Environmental uncertainty decreases environmental performance.

Environmental uncertainty creates adaptation and information-processing problems, which would encourage the use of control mechanisms—such as contractual governance, problem-solving cooperation, and information sharing—to cope with external uncertainties [29,34]. Specifically, firms perceive environmental uncertainties as dangerous threats with significant ambiguity, and would desire to adopt formal contractual governance. Specifically, formal documents function not only as a protection against opportunism, but also to help delineate courses of action to resolve unexpected problems. Crafting complex contracts is commonly believed to be an effective response to hazardous exchange settings to measure purchasing performance [10,35]. Precise contract language, with ‘contingency’ clauses, must be used to prepare joint sustainability agreements to address unforeseen situations. Therefore, managers are likely to rely on formal contractual clauses to mitigate the negative effects of environmental uncertainty [23].

Hypothesis 2b.

Environmental uncertainty increases the use of contractual governance.

Nonetheless, contracts have limitations. Firms cannot possibly predict and contractually resolve every future contingency. Facing environmental uncertainty, firms are forced to continually renegotiate and modify contracts. It becomes difficult to create complete contracts outlining all potential contingencies.
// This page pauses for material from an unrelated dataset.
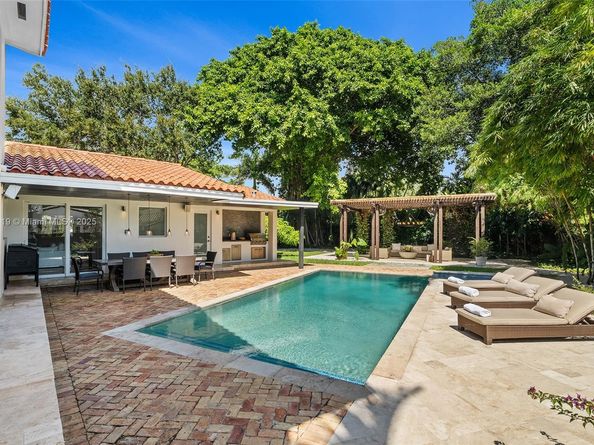 575 Bay Point Rd, Miami FL 33137
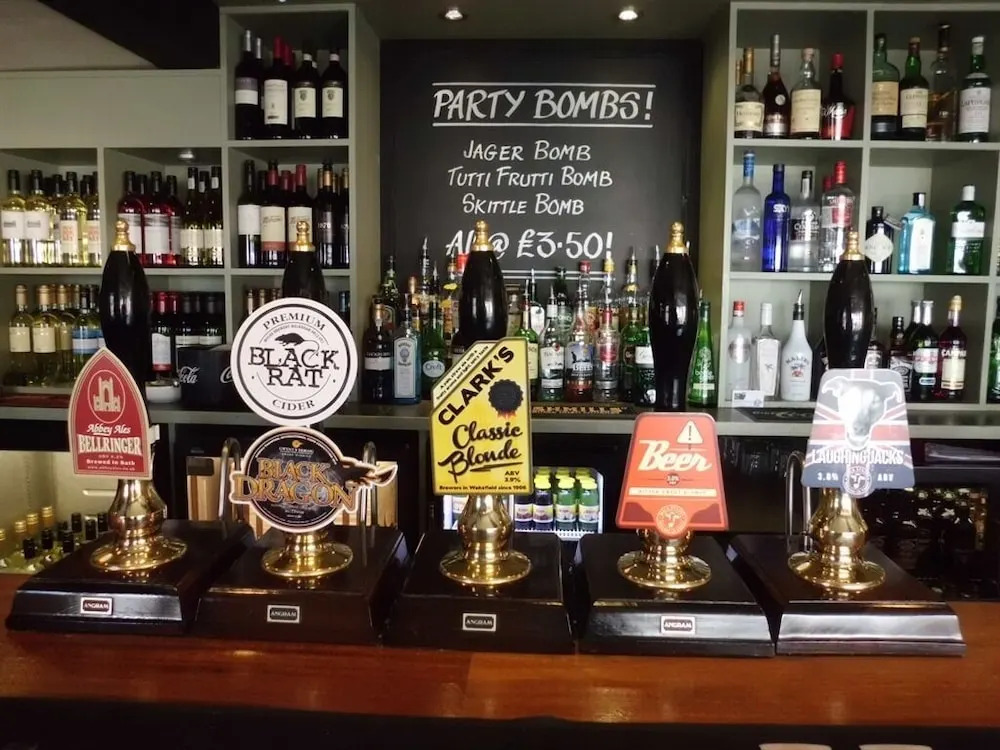 The Somerset Arms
Relational governance can be applied to better manage environmental disturbances. The literature suggests that cooperation in problem solving, in response to supply chain disruptions, is effective relational governance [20,29]. Inter-organizational cooperation of problem solving provides necessary flexibility and adaptability to cope with unforeseen uncertainties that arise in supply chain transactions. Both manufacturers and suppliers would recognize such a need and cooperate more closely to achieve the flexibility and adaptability necessary to circumvent exchange hazards and strengthen bilateral commitment.

Hypothesis 2c.

Environmental uncertainty increases the use of problem-solving cooperation governance.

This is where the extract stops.